Clemens answered, “Mr. Rogers, do you think there is anything I could do for you that I wouldn’t do?”
It was on this occasion that he told for the first time the “stolen watermelon” story, so often reprinted since; how once he had stolen a watermelon, and when he found it to be a green one, had returned it to the farmer, with a lecture on honesty, and received a ripe one in its place.
In spite of his cares and diversions Clemens’s literary activities of this time were considerable. He wrote an article for the Youth’s Companion–“How to Tell a Story”–and another for the North American Review on Fenimore Cooper’s “Literary Offenses.” Mark Twain had not much respect for Cooper as a literary artist. Cooper’s stilted artificialities and slipshod English exasperated him and made it hard for him to see that in spite of these things the author of the Deerslayer was a mighty story-teller. Clemens had also promised some stories to Walker, of the Cosmopolitan, and gave him one for his Christmas number, “Traveling with a Reformer,” which had grown out of some incidents of that long-ago journey with Osgood to Chicago, supplemented by others that had happened on the more recent visit to that city with Hall. This story had already appeared when Clemens and Rogers had made their Chicago trip. Rogers had written for passes over the Pennsylvania road, and the president, replying, said:
“No, I won’t give Mark Twain a pass over our road. I’ve been reading his ‘Traveling with a Reformer,’ in which he abuses our road. I wouldn’t let him ride over it again if I could help it. The only way I’ll agree to let him go over it at all is in my private car. I have stocked it with everything he can possibly want, and have given orders that if there is anything else he wants the train is to be stopped until they can get it.”
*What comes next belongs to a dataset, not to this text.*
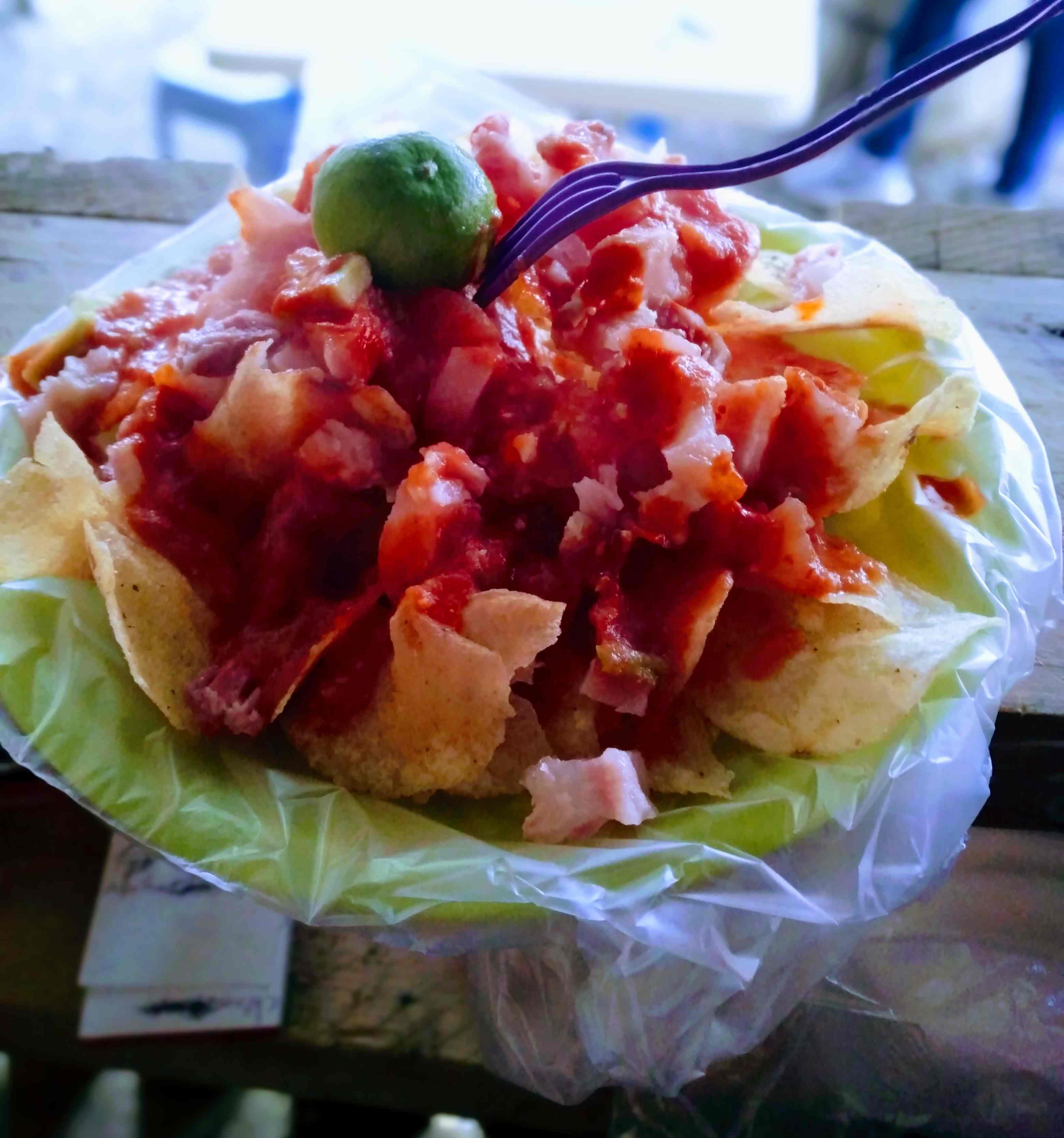 Tostadas "kalo" image 7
“Pudd’nhead Wilson” was appearing in the Century during this period, and “Tom Sawyer Abroad” in the St. Nicholas. The Century had issued a tiny calendar of the Pudd’nhead maxims, and these quaint bits of philosophy, the very gems of Mark Twain mental riches, were in everybody’s mouth. With all this going on, and with his appearance at various social events, he was rather a more spectacular figure that winter than ever before.
From the note-book:
The Haunted Looking-glass. The guest (at midnight a dim light burning) wakes up & sees appear & disappear the faces that have looked into the glass during 3 centuries.
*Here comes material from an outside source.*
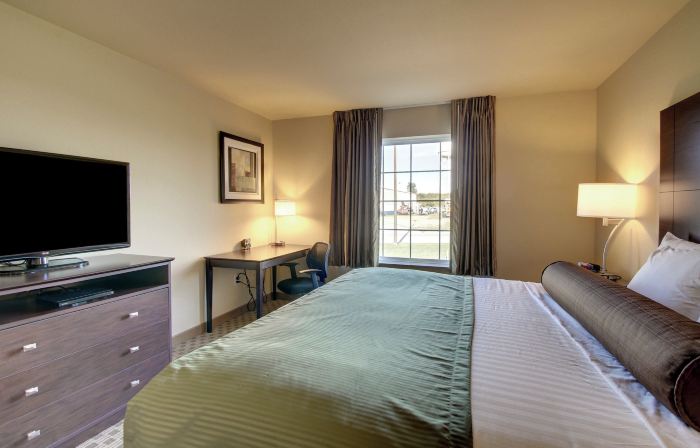 Cobblestone Inn & Suites - Avoca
Love seems the swiftest but is the slowest of all growths. No man and woman really know what perfect love is until they have been married a quarter of a century.
It is more trouble to make a maxim than it is to do right.
Of all God’s creatures, there is only one that cannot be made the slave of the lash–that one is the cat.
Truth is stranger than fiction–to some people, but I am measurably familiar with it.
CLXXXVIII
FAILURE
It was the first week in March before it was thought to be safe for Clemens to return to France, even for a brief visit to his family. He hurried across and remained with them what seemed an infinitesimal time, a bare three weeks, and was back again in New York by the middle of April. The Webster company difficulties had now reached an acute stage. Mr. Rogers had kept a close watch on its financial affairs, hoping to be able to pull it through or to close it without failure, paying all the creditors in full; but on the afternoon of the 16th of April, 1894, Hall arrived at Clemens’s room at The Players in a panic. The Mount Morris Bank had elected a new president and board of directors, and had straightway served notice on him that he must pay his notes–two notes of five thousand dollars each in a few days when due. Mr. Rogers was immediately notified, of course, and said he would sleep on it and advise them next day. He did not believe that the bank would really push them to the wall. The next day was spent in seeing what could be done, and by evening it was clear that unless a considerable sum of money was raised a voluntary assignment was the proper course. The end of the long struggle had come. Clemens hesitated less on his own than on his wife’s account. He knew that to her the word failure would be associated with disgrace. She had pinched herself with a hundred economies to keep the business afloat, and was willing to go on economizing to avert this final disaster. Mr. Rogers said:
“Mr. Clemens, assure her from me that there is not even a tinge of disgrace in making this assignment. By doing it you will relieve yourself of a fearful load of dread, and in time will be able to pay everything and stand clear before the world. If you don’t do it you will probably never be free from debt, and it will kill you and Mrs. Clemens both. If there is any disgrace it would be in not taking the course that will give you and her your freedom and your creditors a better chance for their claims. Most of them will be glad enough to help you.”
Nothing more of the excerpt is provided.